A: Everybody is perfect. I could definitely tell you what kinds of people are more popular and get likes. It is very interesting to see patterns in that.  Sometimes, I am really surprised when I take a picture of someone, and the picture is nice, but the quote is not that great, and it will just go crazy. The celebrities are always fun, but they are well versed at interviewing. I met Wendell Pierce from The Wire. He came into Cake Café when I was there with a friend, and I was like, “You’re Bunk. Can I interview you for my portrait project?” I ended up having lunch with him for an hour. 
 
There was a man I met in the Bywater, leaning against his truck. He told me about how his mother died when her house burned down. I asked him how he got over that, and he talked about death in this way that was sad, but he was also so at peace. It was very exciting to share that kind of quote because I think we can all relate to that. Maybe not to that extreme, but we have all lost people. It is not just a story but also a little nugget of truth and wisdom coming through him. If the story ties to a message that is relatable, then that is golden. 
 
 

"I’m going to tell you this here: losing someone in your family is something you never get over. You know, time goes on you just move on." 

 

Q: If you had two hours and had to pick an area of town to go find a NOLA Being, where would you go? 
A: If I have two hours, I will just walk around the French Quarter.
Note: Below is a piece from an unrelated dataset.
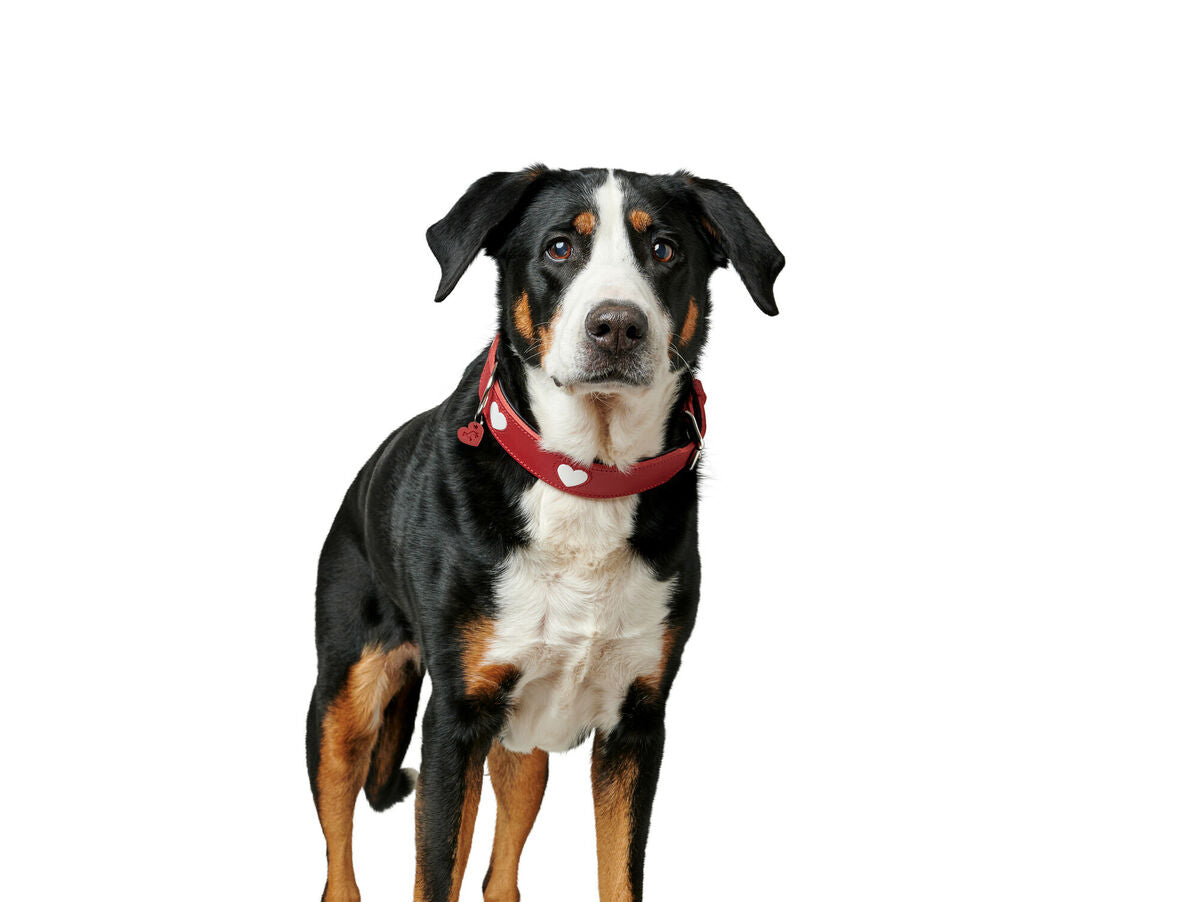 V8HFDB2455982E347AB395C554D9490C303R6575308P4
I know it is a lot of tourists, but there are also a lot of service industry people who come from all over town that are working there. I always have my camera wherever I go. It would be terrible if I were only taking pictures in the Marigny. That is so not representative of New Orleans. The same would be true if I went just to Broadmoor. Any one neighborhood is diverse, but New Orleans is a patchwork quilt, and it is all interconnected. I want NOLA Beings to be just as much of a patchwork quilt.